La primauté de la condition sociale sur la langue

Pendant longtemps, appartenir à une même communauté linguistique, parler la même langue, était une raison suffisante pour défendre de facto, les mêmes intérêts et partant appartenir à un même « empire ». C’était s’inscrire dans une même communauté des destins. En effet, la langue était un lien fort qui transcendait les marigots, les rivières, les fleuves, les montagnes, les dunes et même les océans pour  fédérer, rassembler des locuteurs venus de partout et de nulle part.

Dans une échelle plus grande, la francophonie est  devenue une véritable cacophonie pour certains,- ils ne s’y retrouvent pas – et se sentent plus liés à des lusophones, anglophones ou arabophones par le fait qu’ils ont en commun les mêmes problèmes existentiels.

Parler la même langue était source de rapprochement, de complicité et de confiance mutuelle ; si bien que les locuteurs d’une même langue partageaient les mêmes croyances et préjugés, des normes et références communes : ce qui était suffisant pour qu’ils  s’unissent pour le meilleur et pour le pire.

 La langue était ainsi l’un des critères de classification les plus déterminants comme la tribu, dans certains pays du monde, qui représente la référence Absolue, et dont la prééminence et la stature vont jusqu’à concurrencer, la nationalité ainsi que l’Etat et ses symboles.

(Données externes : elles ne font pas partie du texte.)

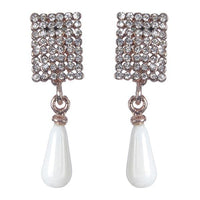 Urbana Glass Pearl Austrian Stone Dangler Earrings - 1306873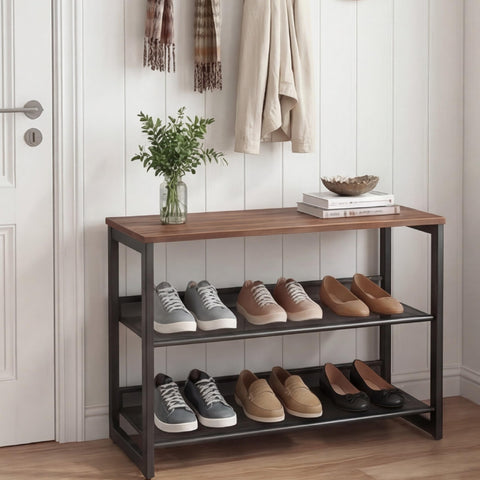 Garden 4 you front view of 3-tier shoe rack showing neat shoe storage benefit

Cette fracture est également observée dans la religion qui a montré ses limites : prier dans la même mosquée, fréquenter la même synagogue ou la même paroisse  ne suffissent plus pour créer les conditions d’une alliance qui garantit la paix et la cohésion sociales.  

Désormais, seule la condition sociale  s’impose  comme l’élément fédérateur le plus pertinent capable de créer des liens sincères et francs entre les humains :   plus fraternels que  les rapports sociaux et communautaires classiques basés sur la race, la langue, la tribu, l’appartenance géographique ou culturelle.

L’injustice, la discrimination, la marginalisation, l’exclusion créent ainsi des dynamiques sociales, « une supra classe sociale » portée par des réalités  et contextes socio-politiques, économiques et culturelles spécifiques : des nouvelles alliances. Il en est de même pour une position sociale avantageuse et confortable qui rassemble des individus autour des mêmes intérêts et se moque de leurs appartenances diverses et spécifiques.

Dès lors, s’investir à défendre une langue, même de surcroit maternelle est certes une démarche identitaire et naturelle, mais elle ne peut garantir l’émancipation et l’égale dignité de toute la communauté linguistique et ethnique – les inégalités  sociales  mises « en jachère » referont surface une fois le but atteint- ; on combat une injustice venue du dehors et on camoufle et maintien celle de l’intérieur.

La langue est certes un facteur d’unité mais une unité de façade. Elle n’est pas toujours égalitaire pour tout le monde. Ses voyelles et consommes n’ont pas les mêmes longueurs et les mêmes largeurs pour tous les locuteurs, sa musicalité sonne différemment, selon les locuteurs : les intérêts sont divergents selon les classes.

En revanche, la condition sociale crée une ferveur et une rencontre heureuse entre des « victimes » de tous bords  unies  par l’instinct de survie pour former une communauté hétérogène du fait de la diversité des provenances et origines pour « fraterniser ensemble » autour d’un même destin, souvent implacable. Ce lien est plus fort que la parenté, la famille et la langue ou encore les classifications sociales traditionnelles et statiques.

La langue surtout lorsqu’elle fait référence à une « communauté ethnique » a cessé d’être un critère déterminant et identitaire pour unir  des individus par ce que conjuguant seulement le même verbe. En effet, elle n’exprime pas toujours la même sagesse et la même fierté de s’y identifier pour tous les membres de la communauté linguistique. 

En définitive, seule la condition sociale compte. Elle transcende et bouscule les liens et alliances traditionnels basés sur la langue ;  par le fait qu’elle est partagée et commune à  des millions et de milliers de personnes qui ne se connaissent forcement pas, ne se sont jamais rencontrées, mais liées par  le besoin de s’affranchir, de s’émanciper d’une situation qui les broie, leur ampute une partie de leur dignité et de leur humanité.

 Il faut donc compter avec cette nouvelle classe, une alliance nouvelle  dynamique, ouverte, supranationale et mondiale née   de l’expérience et du vécu  pour défendre le même idéal et des intérêts Existentiels quasi identiques.